Jay Russo of developer the Michaels Organization, said his company's research showed a market among young professionals for smaller living, that, when combined with a complimentary shuttle bus to the JFK/UMass Red Line station and Logan Airport and a Blue Bikes station should prove quite attractive to that set.

The studios, along with 88 one-bedroom units and 28 two-bedroom units will sit in a building with two wings, one five stories, the other six, with a view on one side towards Dorchester Bay. The building will have 136 parking spaces. The side of the complex facing the Expressway and a planned bike path will have an "art mural wall."

The mayor's office and the office of Councilor Frank Baker supported the proposal. The BPDA board had earlier approved the project.

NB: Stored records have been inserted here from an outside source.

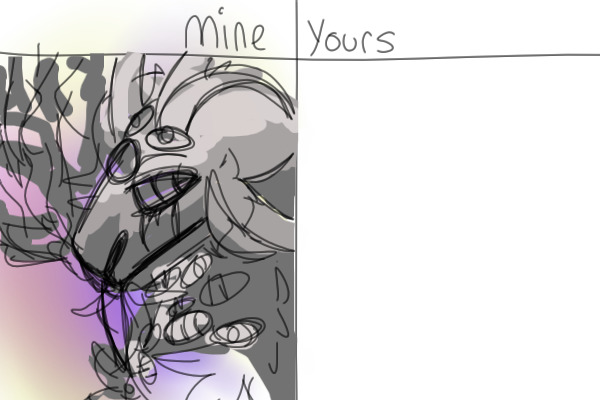 Mine-Yours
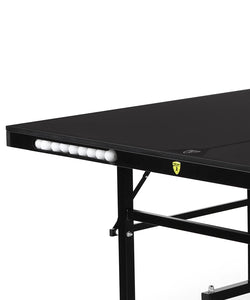 Killerspin MyT 415 - Jet Black Table Tennis Table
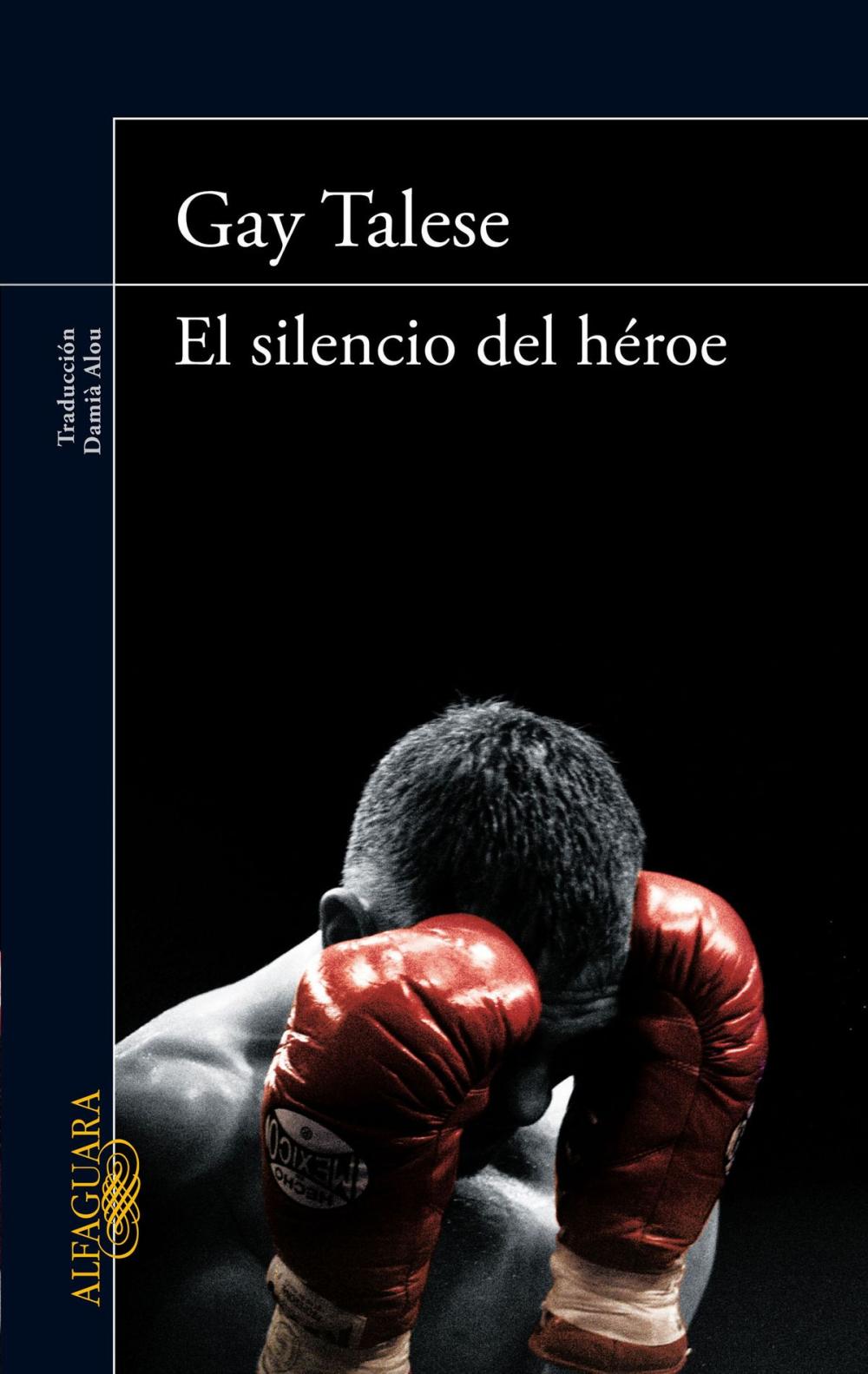 Big bigCover of El silencio del héroe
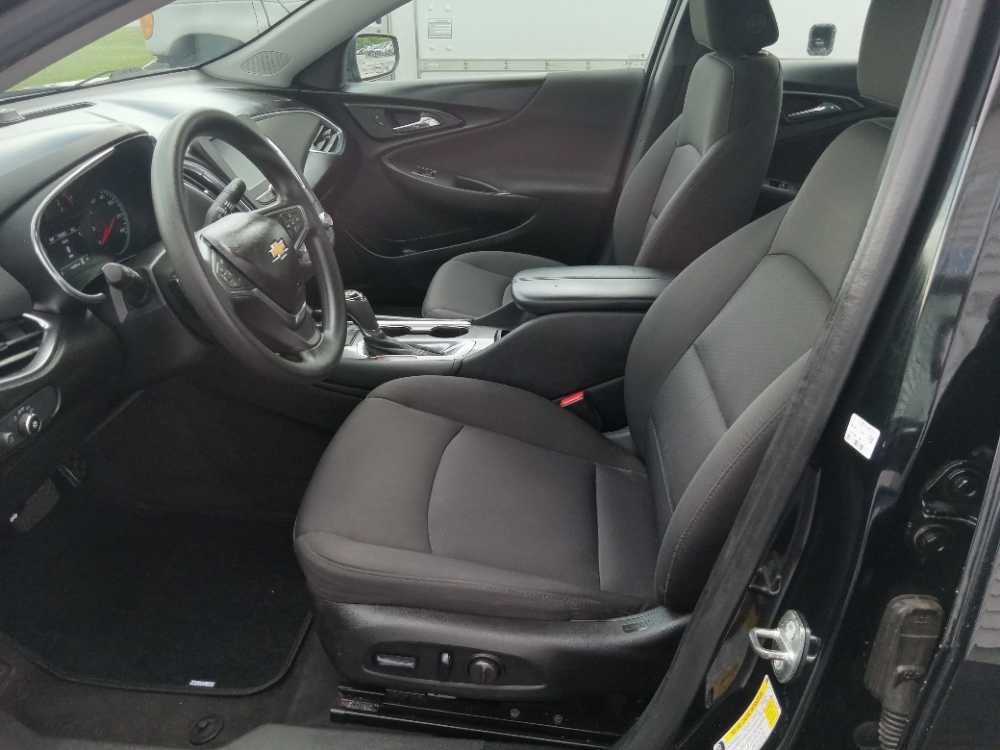 CHEVROLET MALIBU LT (2FL)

One person who opposed the project was Maria Lyons, who served on the advisory board the BPDA set up for the project. She said that Dorchester is already cut off form its waterfront by the Southeast Expressway, Morrissey Boulevard and the train tracks and that the zoning board was setting a bad precedent that could lead to a wall of buildings that would just further cut off the neighborhood from its eponymous bay.

Lyons actually spoke after the board voted unanimously to approve the project, due to an apparent snafu with its Webex online conferencing system, in which nobody noticed Lyons had her virtual hand up until she began complaining loudly verbally. However, the board did not change its vote after she did speak.